Autre difficulté relevée par l’association, celle, pour les mineures, de dénoncer leur employeur en cas de non-respect de la loi (signature d’un contrat, visite médicale tous les 6 mois, respect des horaires, congés…), des clauses du contrat ou de maltraitance. Et la sensibilisation, dans ce cas précis, ne pourra pas effacer la peur de le faire.

Une question de cohérence

"Le Maroc a adopté et publié au bulletin officiel, en décembre 2016, la loi 27.14 relative à la lutte contre la traite des êtres humains. On y retrouve des caractéristiques du travail domestique et il est strictement interdit d’exploiter des mineurs. Les sanctions, amendes et peines de prison prévues sont assez lourdes. Nous appelons le législateur marocain à unifier sa vision, parce qu’on ne peut pas avoir deux lois qui se contredisent", souligne Bouchra Ghiati.

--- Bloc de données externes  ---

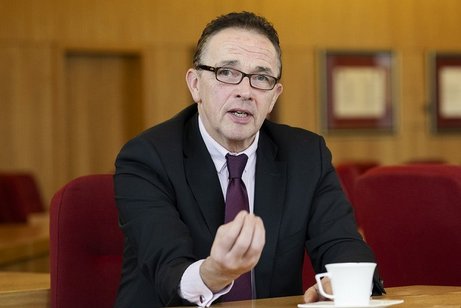 Prof. Dr. Landscheidt, ein Mann mit dunklem Kurzhaarschnitt und Brille, sitzt in Anzug und dunkelroter Kravatte an einem Tisch in einem holzvertäfelten Saal und gestikuliert energisch.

Et de préciser que l’homogénéisation des lois permettra tout simplement d’éviter de parcourir un long chemin stérile. "L’article 6 de la loi 19.12 n’aura ainsi plus lieu d’être", estime-t-elle.

La loi 27.14 se présente ainsi, pour l’association, comme une alternative immédiate à la révocation de l’exploitation des enfants de moins de 18 ans.

INSAF veut sensibiliser le gouvernement

L’association compte bien convaincre le gouvernement de cette logique. Pour cela, s’asseoir autour d’une table serait un premier pas. "Nous continuons notre plaidoyer dans le cadre d’une stratégie de lutte contre la traite. A la rentrée, nous allons organiser un événement auquel nous inviterons tous les départements concernés de près pour attirer leur attention sur la nécessité d’unifier la vision du législateur quant à la question de la traite d’êtres humains", annonce Bouchra Ghiati, confiante.

Elle se dit optimiste, car le changement arrive avec la perspicacité et l’association en est bien consciente. "J’ai croisé, il y a deux semaines, le ministre du Travail et de l'Intégration professionnelle, Mohamed Yatim, à l’occasion d’une rencontre sur la traite. Il y a pris la parole pour exprimer sa préoccupation. Je lui ai parlé et il s’est dit disposé à nous rencontrer, il s’est montré ouvert", confie la responsable associative.

Le 12 juin dernier, journée mondiale contre le travail des enfants, INSAF avait projeté un film/clip pour alerter le public sur la divergence latente opposant les deux lois. Elle compte bien renouveler son appel à chaque fois qu’elle en aura l’occasion.